DATA SHOWN:

—————

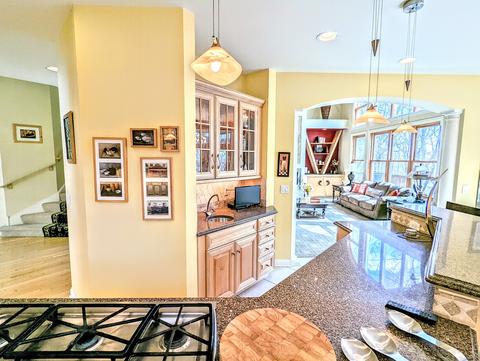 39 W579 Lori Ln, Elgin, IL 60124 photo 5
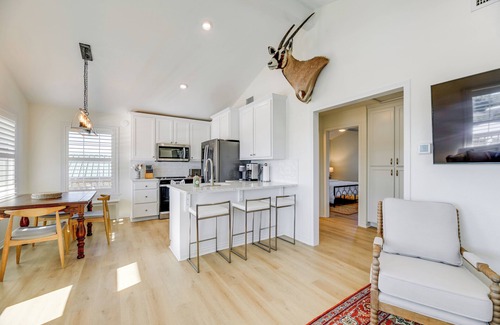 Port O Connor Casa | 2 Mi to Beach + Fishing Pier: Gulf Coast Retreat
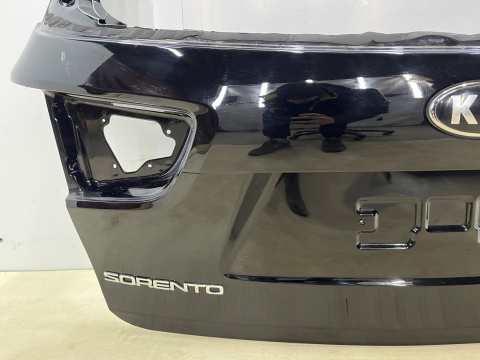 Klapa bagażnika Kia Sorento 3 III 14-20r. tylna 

—————

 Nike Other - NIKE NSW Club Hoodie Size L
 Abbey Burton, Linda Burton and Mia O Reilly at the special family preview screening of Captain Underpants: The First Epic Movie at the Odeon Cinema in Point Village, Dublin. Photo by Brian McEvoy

—————

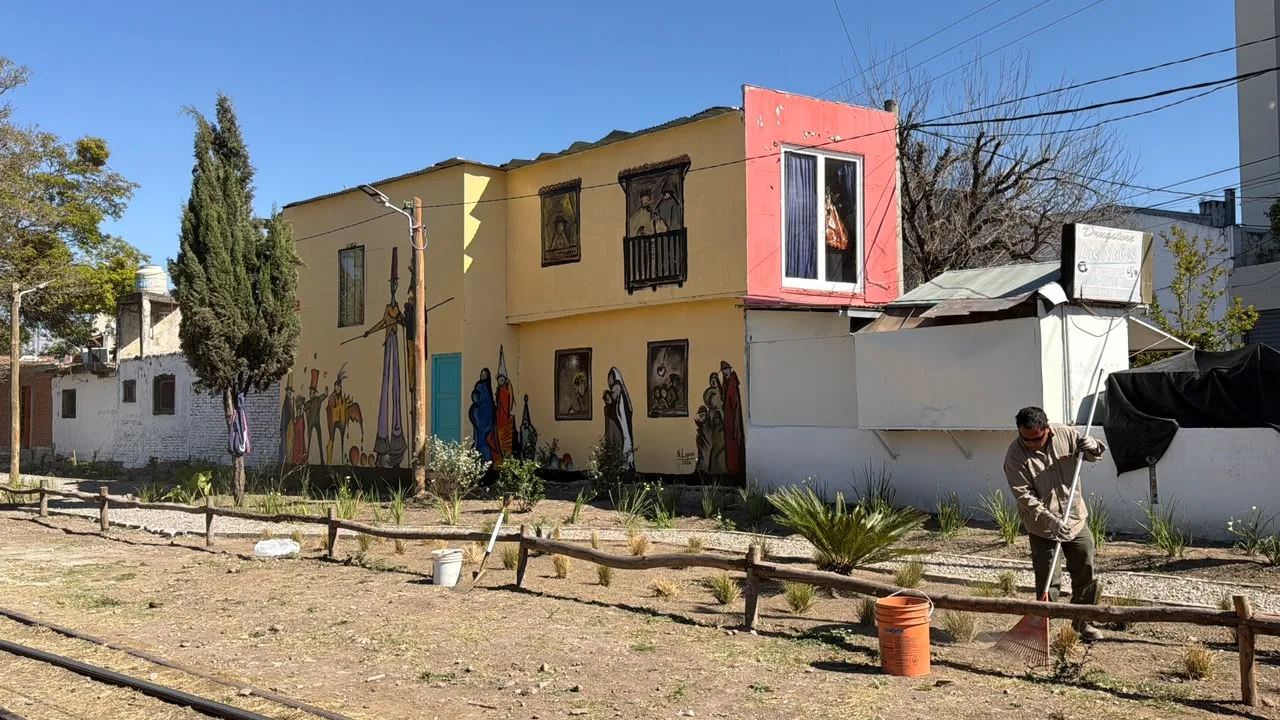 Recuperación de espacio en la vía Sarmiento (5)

—————

WORK INSTRUCTIONS:
The reply should hold the entries above from the line with "Port O Connor" to the line with "Klapa bagażnika Kia", duplicated exactly, pictures excluded.

TASK ANSWER:
 Port O Connor Casa | 2 Mi to Beach + Fishing Pier: Gulf Coast Retreat
 Klapa bagażnika Kia Sorento 3 III 14-20r. tylna 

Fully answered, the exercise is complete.